Need it be added that our revolutionary writers, like the majority of Russian writers generally, considered the “West” from the standpoint of the Jewish boy in Weinberg’s well-known story. To this poor schoolboy the whole world seemed as though it were divided into two equal parts: “Russia and abroad”, notable points of distinction existing for him only between these two “halves” of the globe, but “abroad” seemed to him a completely homogeneous whole. Russian writers, propagandists of “exceptionalism”, introduced only one new thing into that clever geographical classification: they divided “abroad” into East and West, and, not stopping long to think, began to compare the latter with our “glorious state”, which was ascribed the role of a kind of “Middle Empire”. The historical development of Italy was thus identified with that of France and no distinction was seen between England’s economic policy and Prussia’s; Colbert’s activity was lumped together with Richard Cobden’s and the peculiarly “patriotic” physiognomy of Friedrich List was lost in the crowd of “West European” political economists who followed Turgot’s advice and tried “to forget that in the world there are states separated by frontiers and organised in different ways”. Just as all cats appear grey and resemble one another perfectly in the dark, so the social relations of the various states in the “West” lost all distinction in the reflected light of our exceptionalism. One thing was evident: the “Franks” had already “gone bourgeois” long ago, whereas the “brave Russians” had preserved the “primitive” innocence and were advancing to their salvation as a chosen people along the road of exceptionalism. To reach the promised land they only had to keep unswervingly to that path of exceptionalism and not be surprised that the Russian socialists’ programmes contradicted the scientific principles of West European socialism and sometimes their own premises!

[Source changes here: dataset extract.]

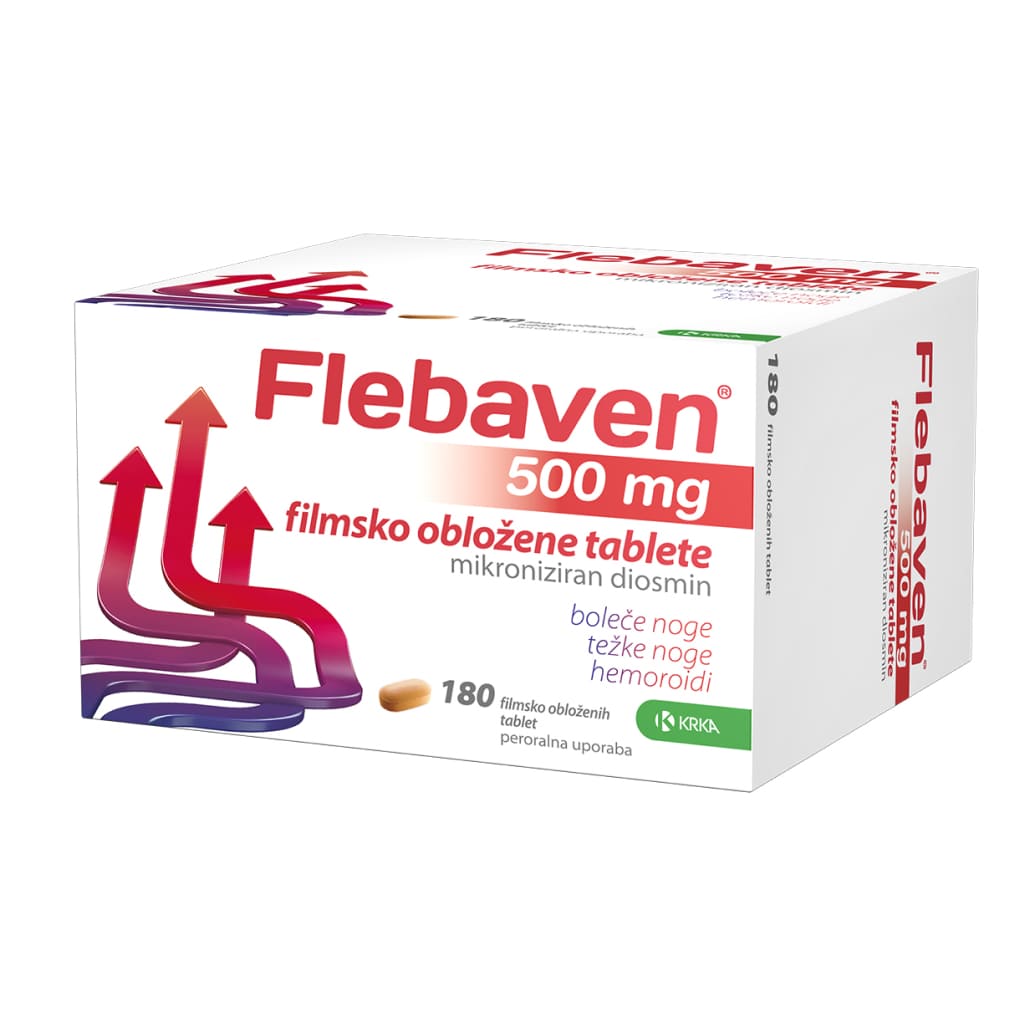Flebaven 500 mg, 180 tablet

A typical sample of the fictions quickly thought out to conform Narodnaya Volya’s practical programme with Narodnik theories was the famous prophecy that if only we managed to achieve universal suffrage, 90 per cent of the deputies in the future Russian Constituent Assembly would be supporters of the social revolution. Here the theory of our exceptionalism reached the limit beyond which it was threatened with ruin by plain common sense. The Narodniks of the “old faith” firmly held to their dogma of exceptionalism but all the same admitted that this exceptionalism still needed some finishing touches. Some found that the Russian people still had a too embryonic bump ... sorry! – feeling of bravery and independence; others strove to put the exceptionalist sentiment of the Russian people into practice in the form of a no less original revolutionary organisation. But they all equally acknowledged the necessity for preliminary work among the people. Narodnaya Volya went further. In the leading articles of the very first issues of its journal it began to develop the thought that such work is, first, fruitless (“wasting our energy beating about the people like a fish on the ice”) and, secondly, superfluous, because 90 per cent of the deputies sympathising with the social revolution are more than enough to carry out the aspirations of the Russian Narodniks. Narodnaya Volya’s programme could not have given itself a Narodnik character otherwise than by carrying to absurd extremes all the typical features of the Narodnik world outlook.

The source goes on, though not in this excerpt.